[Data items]
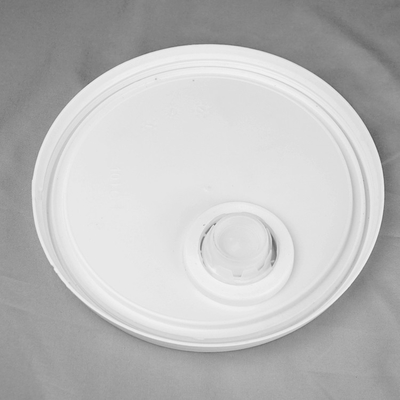 Materiale HDPE/dei pp un colore bianco di 5 secchi di plastica di gallone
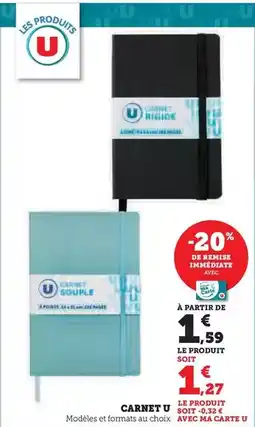 Hyper U U - carnet offre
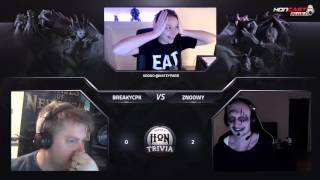 Keono's HoN Trivia Show w/ BreakyCPK and Znoowy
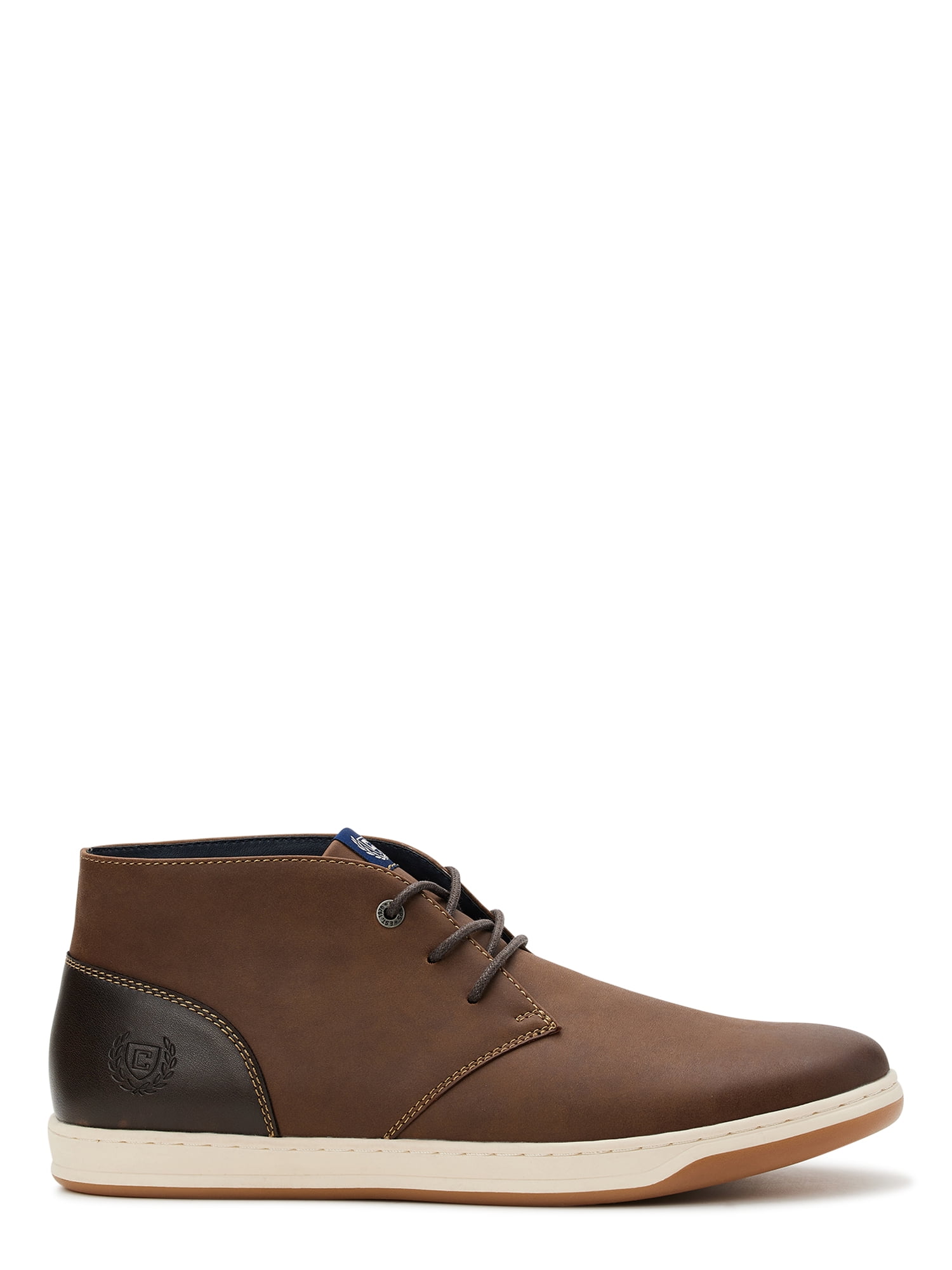 Chaps Chukka Boots - Two-Tone Design - Comfort Foam Footbed 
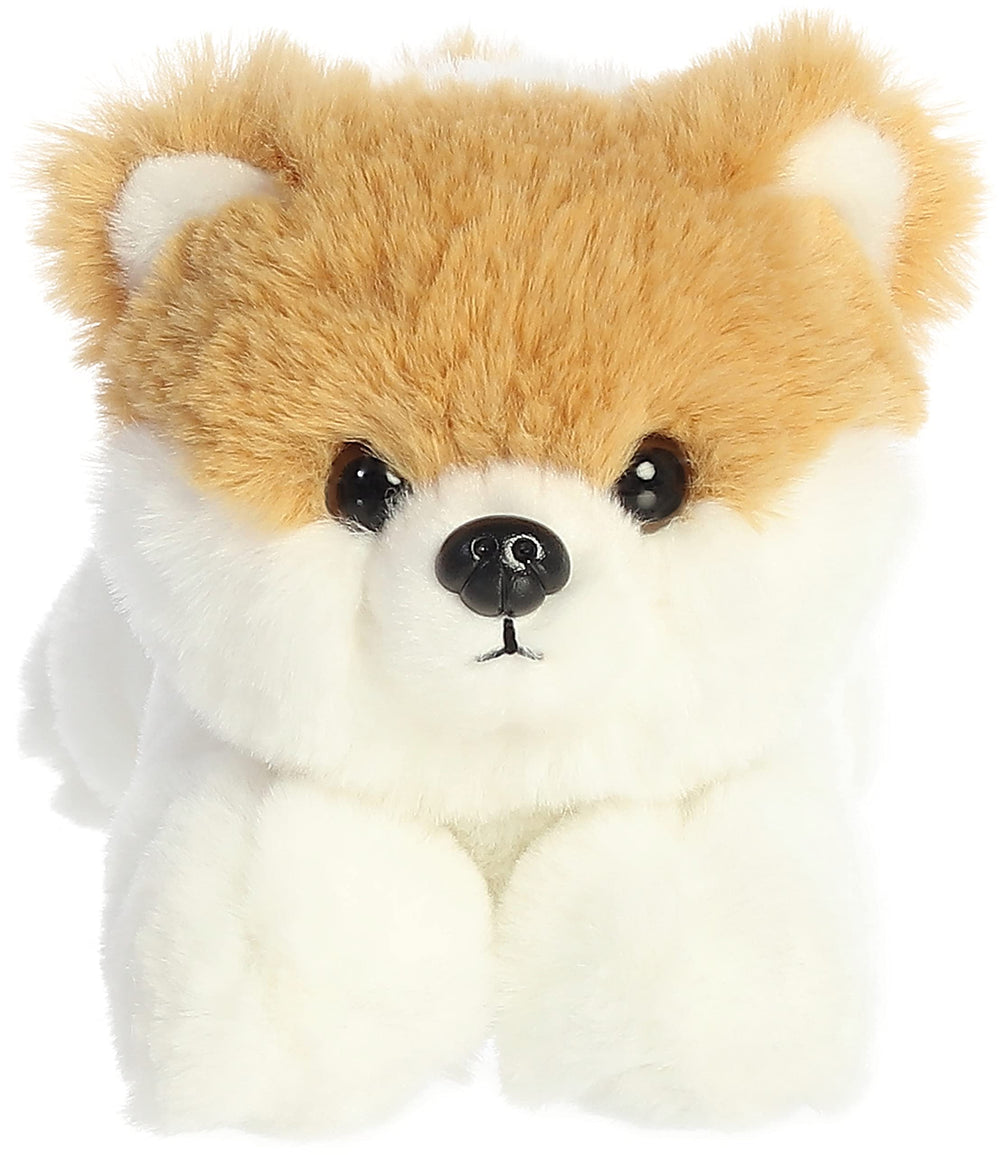 Soft cloud-like materials highlight Pom's plush texture for cozy play.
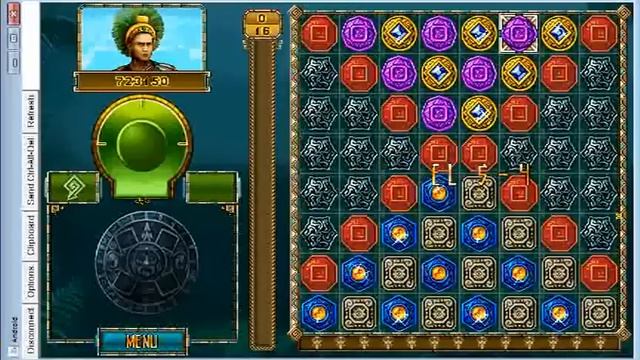 Treasures of Montezuma 2 - Puzzle Level 5.mp4 смотреть онлайн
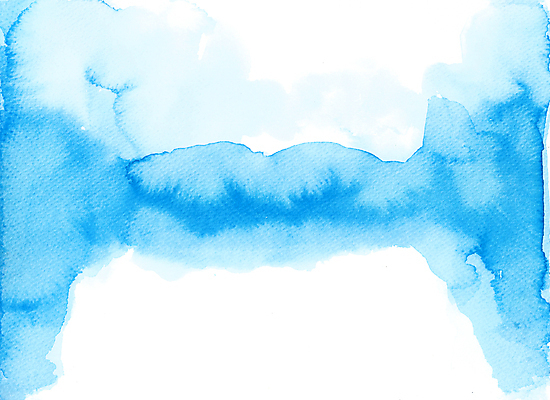 JPG 하늘색 백그라운드 일러스트 붓터치 수채화 사람없음 번짐 국내일러스트 해외일러스트 파란색 파일형식 효과 이미지허브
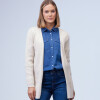 Cardigan Rib BEIGE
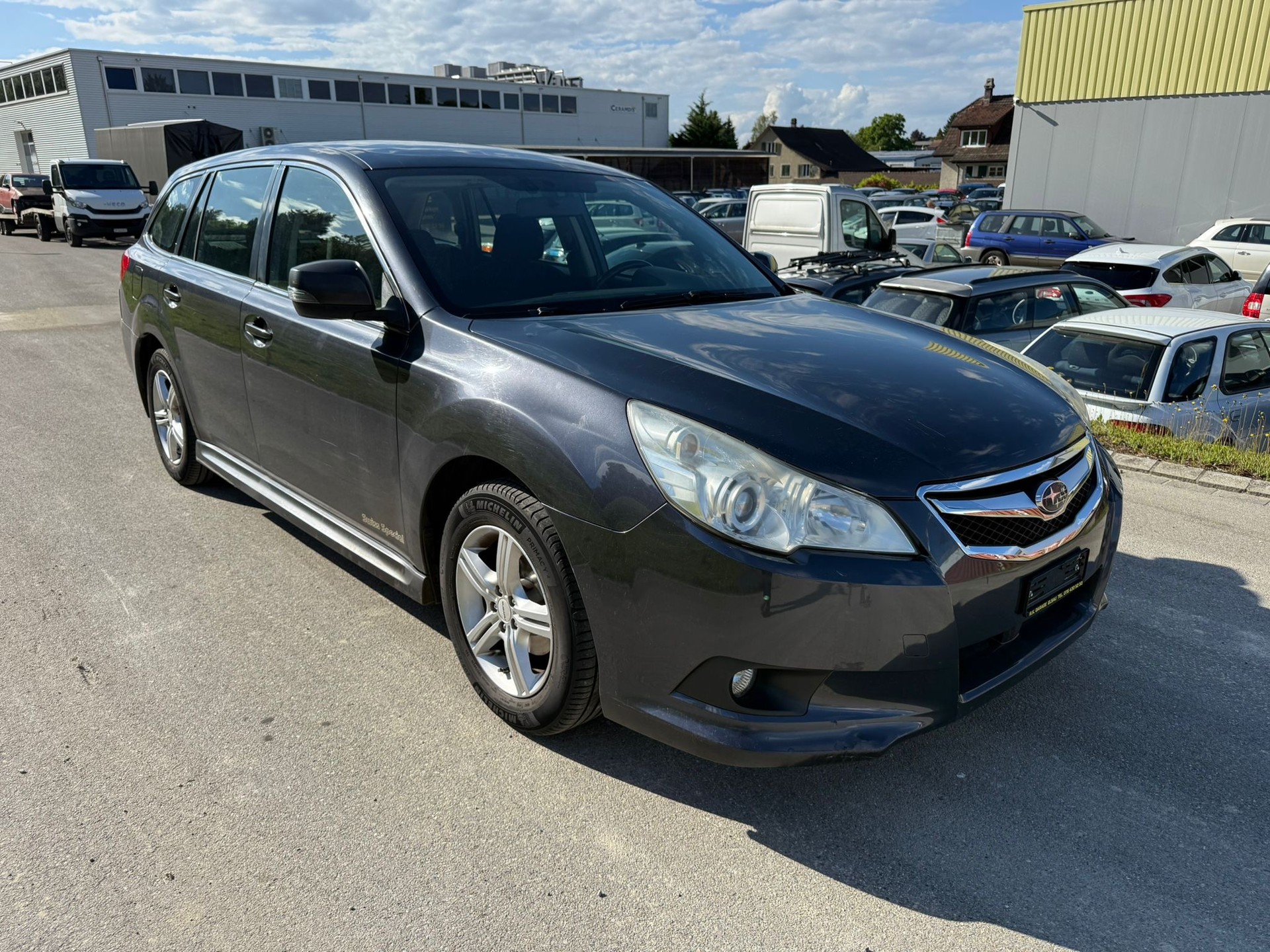 SUBARU Legacy 2.0i Swiss AWD-image-1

EXERCISE: Take the line that holds "Keono's HoN Trivia" as the start and the last line of the data as the end. Copy only those lines exactly, both ends included, except the pictures.

SOLUTION FOR THIS TASK:
 Keono's HoN Trivia Show w/ BreakyCPK and Znoowy
 Chaps Chukka Boots - Two-Tone Design - Comfort Foam Footbed 
 Soft cloud-like materials highlight Pom's plush texture for cozy play.
 Treasures of Montezuma 2 - Puzzle Level 5.mp4 смотреть онлайн
 JPG 하늘색 백그라운드 일러스트 붓터치 수채화 사람없음 번짐 국내일러스트 해외일러스트 파란색 파일형식 효과 이미지허브
 Cardigan Rib BEIGE
 SUBARU Legacy 2.0i Swiss AWD-image-1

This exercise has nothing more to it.